It was, first, a sick thing to put down.
The cure to death was pungent and bitter. To drink it was to drink goat cheese drowned in gasoline. A second or third dose was preferred - by the third, a senseless tongue has said its peace and has not the energy to engage the foul swill. The numbing, some say, was quite sweet. And then one aged no longer.
The woman to have the first taste, weary with age and fear, felt her tired bones begin to mend. Her hair regained its youthful luster. Her eyes their hawkish focus. She threw away the cane, tossed her glasses aside, and shared the wretched thing with the people of earth. And once all the children of the world were children of those who had sipped from the sacred liquid, death was forgotten, and soon, the horrid drink was drank no more.
That is what they say. It is, rather, what she says. What she'd always say.
We wrote it in our holy books, and shared it with our children, now numbering as the stars on this earth, which is not burdened by the needs of a species for whom food and drink is a relic of a forgotten time.

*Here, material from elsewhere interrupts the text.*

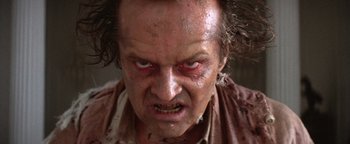 Movie still from “The Witches of Eastwick” (1987), directed by George Miller – A man's face as he stares at the camera; Close Up shot, Low angle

Then the story changed. Now the woman couldn't say if she'd made the drink herself or bought it at the store. Then the woman asked us to what swill we referred, and we said, it was your holy creation! and her response, that she would not soon forget the taste of something so awful.
Then she stopped telling the story. She'd say the words, but there was no order, and soon the letters separated, and she spoke the sounds, but the story was gone. Then, she was gone.
The thousand year woman, on her thousandth day of birth, could not speak another word. There was violence, thrashing, and foaming at the mouth. She scratched at her neck and tore at her eyes and cracked at her chest and split her heart, but her brain cared not for the loss of her blood. She'd awaken the next day with flesh and bone mended, and began the assault again.
I stood beside her on the thousandth day of her torment, and she rediscovered a word, and it was, "help", and it was first a whisper, until her screaming shook the halls, and she broke away from her bindings and began the assault again, and I called upon the doctors.
Now I stand before my mother, who is bound with titanium, from her head to her feet, her body nearly still, but the ceaseless vibration of her vocal cords continues, screaming "help" into the endless night.
The doctors say they will find a cure. They say the disease will be gone soon, and mother will be back to normal. That we'll know this nightmare is over, and life will continue. But they know not what I do, that another millennium old soul has forgotten their own name. That soon these halls will be filled with those tortured like my mother.
There is one thing they say, that is certain. That my mother will be cured. It will not be by their hand, for I have found my mother's notes and recipes from her younger days of alchemy, when she was only 87 years old, and she discovered a foul drink. I have seen what she has written and I have taken up my mother's work again.
It is my turn to find a cure. The cure to life.